Cruz and others a specific target to attack, but it would also allow
immigration advocates to defend it. Waiting until later in December could allow
the budget to be approved before setting off a fight over immigration.
Although a
Republican president could reverse Mr. Obama’s overhaul of the system after he
leaves office in January 2017, the president’s action at least for now will
remove the threat of deportation for millions of people in Latino and other
immigrant communities. Immigration agents are to instead focus on gang members,
narcotics traffickers and potential terrorists.
Officials said
one of the primary considerations for the president has been to take actions
that can withstand the legal challenges that they expect will come quickly from
Republicans. A senior administration official said lawyers had been working for
months to make sure the president’s proposal would be “legally unassailable”
when he presented it.
Most of the
major elements of the president’s plan are based on longstanding legal precedents
that give the executive branch the right to exercise “prosecutorial discretion”

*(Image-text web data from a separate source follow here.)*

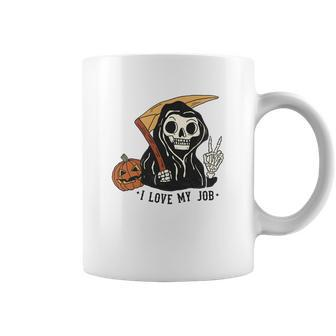 Skeleton Halloween I Love My Job Cute The Death Design Coffee Mug - Seseable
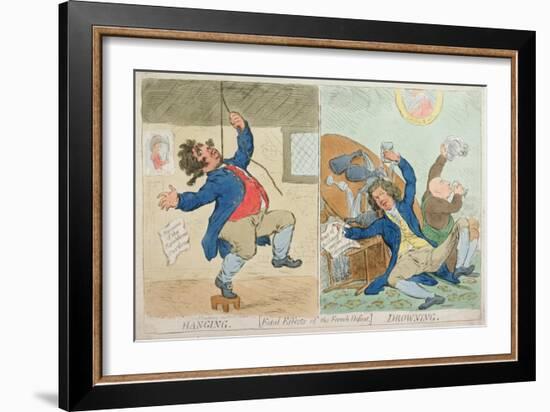 Hanging and Drowning, or Fatal Effects of the French Defeat, Published by Hannah Humphrey in 1795-James Gillray-Framed Giclee Print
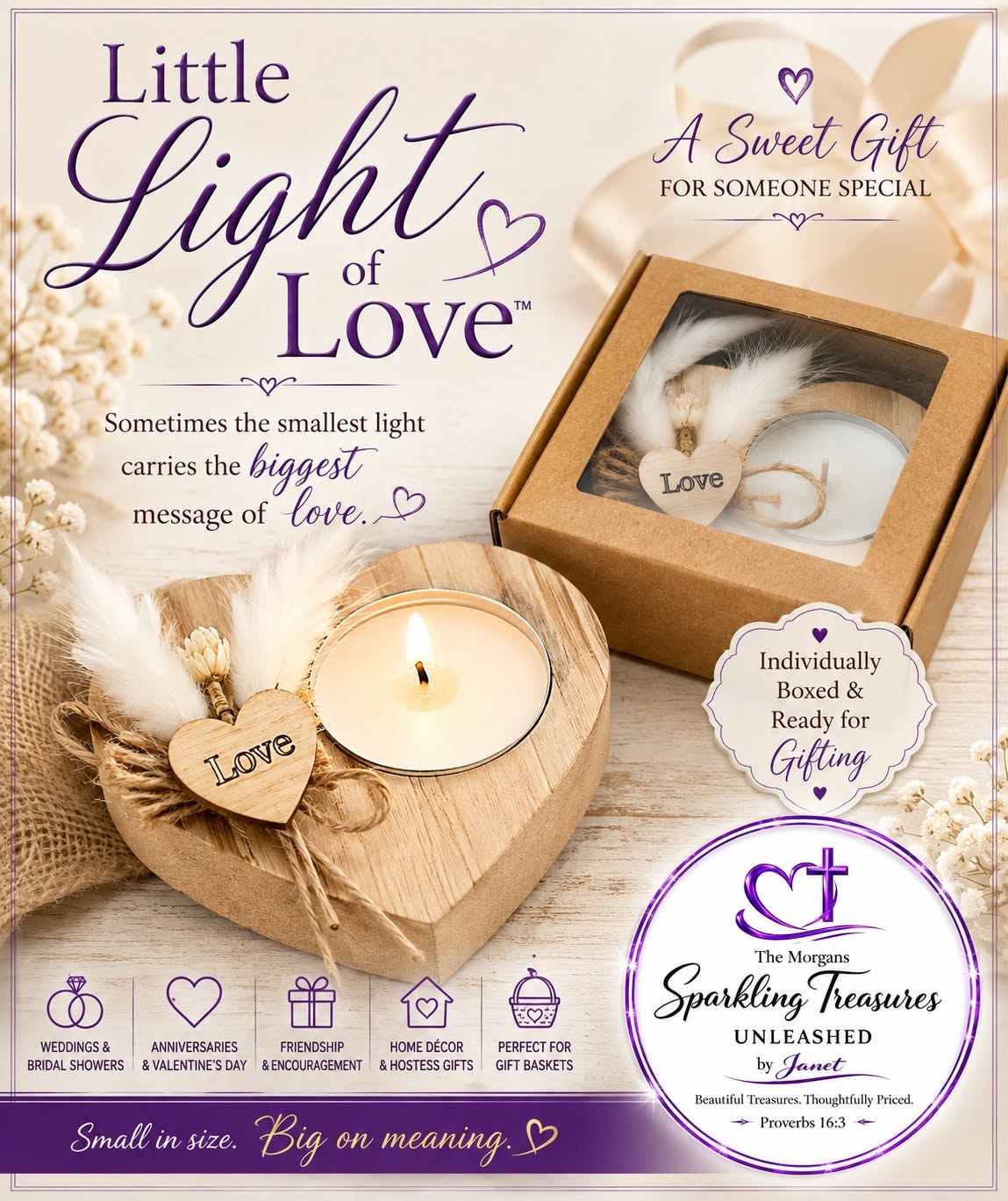 Little Light of Love™ Heart Candle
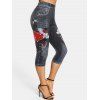 Legging Corsaire Moulant à Imprimé 3D Fleur - Noir XL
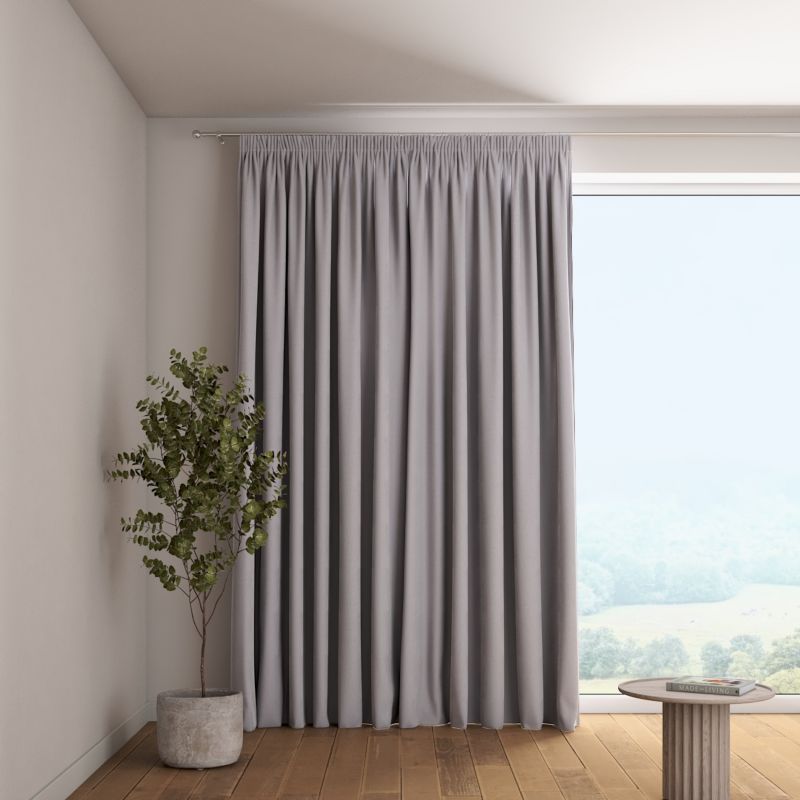 Zasłona na taśmie marszczącej 1 szt. 130 x 245 cm Dekoria srebrzysty szary 1 szt.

in how it enforces the laws. That was the basis of a 2012 decision to protect
from deportation the so-called Dreamers, who came to the United States as young
children. The new announcement will be based on a similar legal theory,
officials said.
The White House
expects a chorus of outside legal experts to back it up once Mr. Obama makes
the plan official. In several “listening sessions” at the White House over the
last year, immigration activists came armed with legal briefs, and White House
officials believe those arguments will quickly form the basis of the public
defense of his actions.
Many
pro-immigration groups and advocates — as well as the Hispanic voters who could
be crucial for Democrats’ hopes of winning the White House in 2016 — are
expecting bold action, having grown increasingly frustrated after watching a
sweeping bipartisan immigration bill fall prey to a gridlocked Congress last
year.
“This is
his last chance to make good on his promise to fix the system,” said Kevin
Appleby, the director of migration policy at the United States Conference of
Catholic Bishops. “If he delays again, the immigration activists would — just
politically speaking — jump the White House fence.”
Some groups,
like the United We Dream network, the largest organization of young
undocumented immigrants, are preparing to deploy teams to early 2016 states
like Iowa and New Hampshire to hold presidential candidates accountable and
press for more action.
“From our
perspective, the president has the power, the precedent and the priority for
action on his side,” said Clarissa Martínez-De-Castro, deputy vice president of
NCLR, also known as the National Council of La Raza. The opportunity “to go big
and bold is what will allow the country to derive the biggest benefit on both
the economic side and the national security side.”